Legal profession applauds publication of Bach Commission report, The Right to Justice

updated on 25 September 2017

The Bach Commission has today published its report, The Right to Justice, including recommendations for a statutory right to justice, reforms to legal aid, and better public legal education. All three branches of the profession have responded to its publication, vociferously in support of its recommendations.

Law Society vice-president Christina Blacklaws said: "Lawyers have a moral duty to speak up when they fear justice has been denied or obstructed. This review adds yet more weight to the central message in our own recent report on access to justice, LASPO Four Years On, that cuts to legal aid have had a massive impact on people’s ability to enforce and defend their rights. If people cannot access advice or protect their rights, then effectively those rights do not exist.”

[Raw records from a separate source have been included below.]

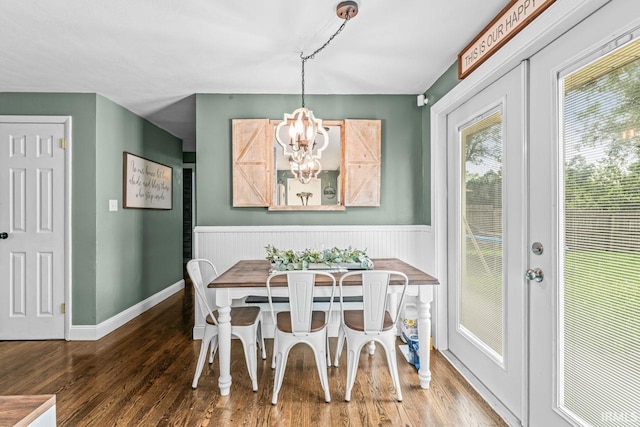 3331 Loral Dr, Anderson, IN 46013 - dining area featuring wood finished floors, a chandelier, and a wainscoted wall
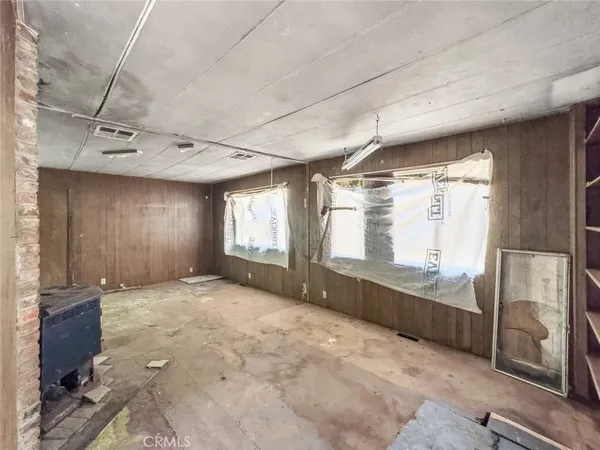 a view of an empty room with stairs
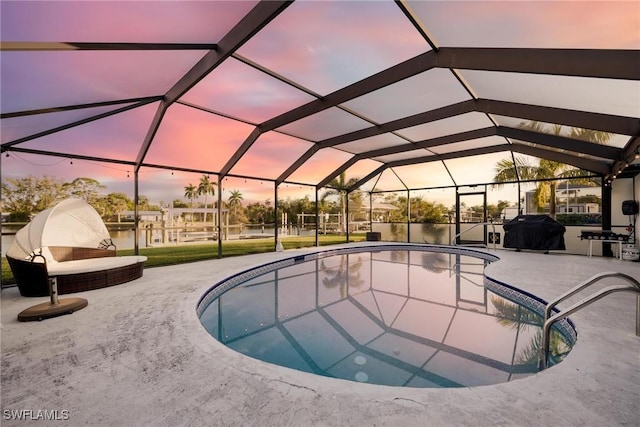 outdoor pool with glass enclosure, area for grilling, and a patio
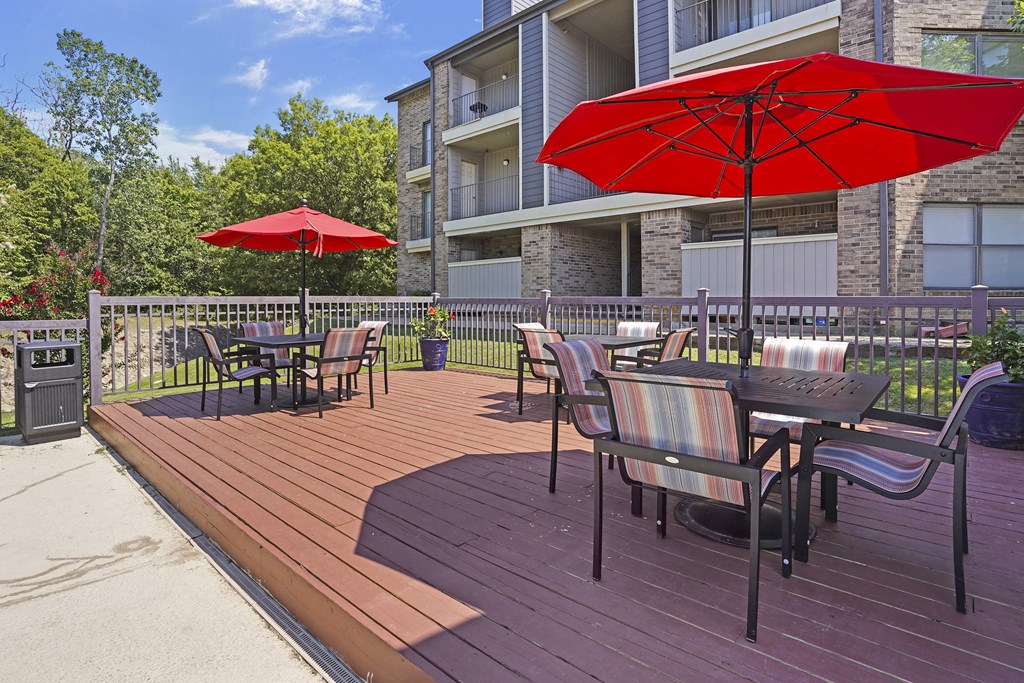 A red umbrella is on a wooden deck.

The Bar Council responded to the Bach report with an emphasis on the change that is taking place in the link between access to justice and the rule of law. Chair of the Bar, Andrew Langdon QC, said: “This report is part of a shift in how legal aid is being discussed. Lord Bach makes the important point that the rule of law and legal rights do not mean much unless citizens are able, through the legal system, to have them upheld, and that cuts to legal aid have made that impossible for many, especially the most vulnerable in society.”

He made the point that many of the proposals and concerns outlined in the report echo those made by the Bar over many years, including “shrinkage of the junior Bar, the removal of entire areas of law from the scope of legal aid and the growth of advice deserts, together with the loss of expertise and the availability of legal advice in areas such as housing, immigration and debt”.

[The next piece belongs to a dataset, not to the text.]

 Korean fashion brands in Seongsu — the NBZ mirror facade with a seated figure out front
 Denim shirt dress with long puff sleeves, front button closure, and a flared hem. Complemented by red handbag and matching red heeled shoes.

CILEx President Millicent Grant said: “For some years now we have seen access to justice and the rule of law deprioritised in the public discourse. We see this in the removal of whole areas of law from the scope of legal aid, in the increasing cost of using the courts system, and in the reduction in publicly funded sources of free legal support. In this light, it is refreshing to read the Bach Commission’s final report, showing the ambitious thinking needed to halt the decline in access to justice, and putting forward proposals to turn the situation around. We hope that the commission’s recommendations will be carefully considered by all parties.”